Perhaps they have not thought through the issue very well, instead believing the mass media reporting that leads one toward a gross misunderstanding of the circumstances in the post-9/11 world.
Or maybe they are simply unable to pull back and see the bigger picture, seeing a tree here and there, but ignoring the forest right before their eyes.
They fail to understand the full significance of the September 11, 2001 attacks on the World Trade Center, the Pentagon, and a third target suspected to be either the White House or the U.S. Capital building. It was on that day that Americans should finally have understood that Islamic terrorists had the United States in their sights, even though it was not the first such attack, which occurred nearly thirty years earlier, nor even the first on American soil, back in 1993 when the first World Trade Center bombing took place.
Americans are a little slow on the uptake where Islamic terrorism is concerned.
Islamic terrorism predates the first WTC bombing by more than 20 years, since the kidnapping and subsequent deaths of Israeli athletes during the 1972 Munich Olympic games. America has been a target for nearly as long. Fifty-two American citizens were taken hostage when militant students of radical Islam stormed the U.S. Embassy in Tehran in 1979. Since then some of our embassies have been bombed, the Marine barracks in Beruit was bombed, airplanes and cruise ships have been hijacked, Pan Am Flight 103 was blown up over Lockerbie, Scotland, the USS Cole was attacked in a harbor in Yemen.
Despite this decades-long history, many Americans still do not understand the threat posed by radical Islam.

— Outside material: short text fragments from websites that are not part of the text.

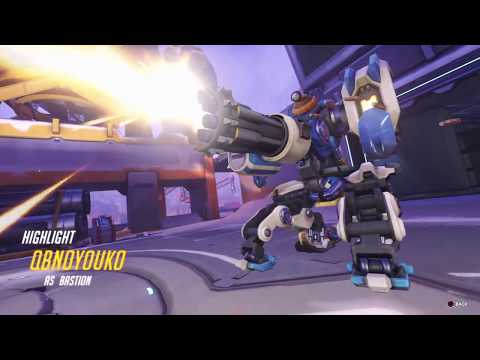 Overwatch Highlight | Bastion | Volskaya Industries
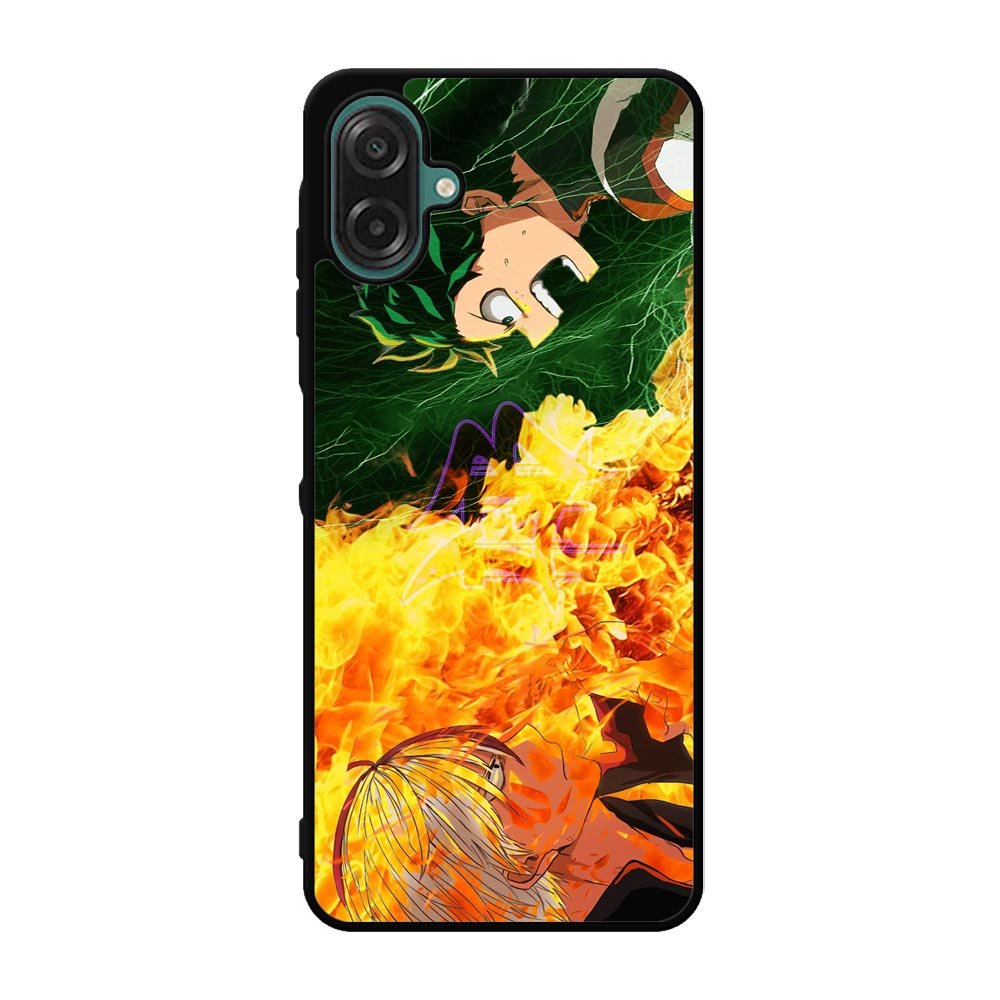My Hero Academia Deku X Todoroki Samsung Galaxy A07 Case QC3200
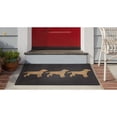 thumbnail image 1 of Liora Manne  Frontporch Yellow Labs Indoor/Outdoor Rug 2' x 5' Runner, 1 of 7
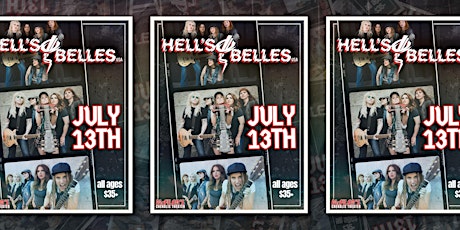 Hell's Belles - AC/DC Tribute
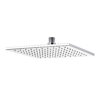 FV - DUCHA METALICA CUADRADA AUTOLIMPIANTE 25 CM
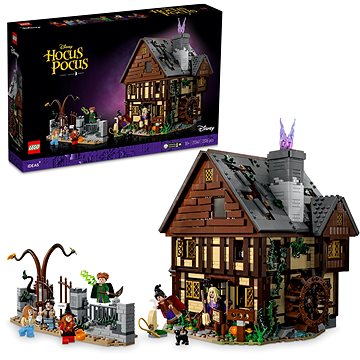 LEGO® Ideas 21341 Disney Hocus Pocus: Das Hexenhaus Der Sanderson-Schwestern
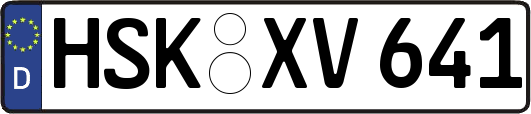 HSK-XV641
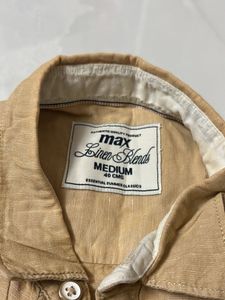 Khadi Linen Original Max Shirt 40 Size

Among the good, the bad, and the ugly that came from the presidency of Bill Clinton was “compartmentalization,” referring to the then-President’s ability to separate unpleasant things from the larger whole to which they belong, as if they didn’t exist. Many Americans want to compartmentalize the Iraq war, to separate it from the whole to which it belongs – the war against Islamic terrorism – and instead imagine the two are not connected. In addition to this failure to correctly connect the dots is a second failure, that of misunderstanding the true nature of Islam.
We are told that Islam is as a religion of peace. However, evidence suggests otherwise. Islam dictates the social, economic and political life of the twenty-one different Arab nations of the Middle East that includes Syria, Pakistan, Iran, Saudi Arabia, Yemen, Oman, Kuwait, Afghanistan, and Iraq. According to the League of Arab States, the Arab people enjoy common bonds of history and tradition, and consider that they are all part of one nation.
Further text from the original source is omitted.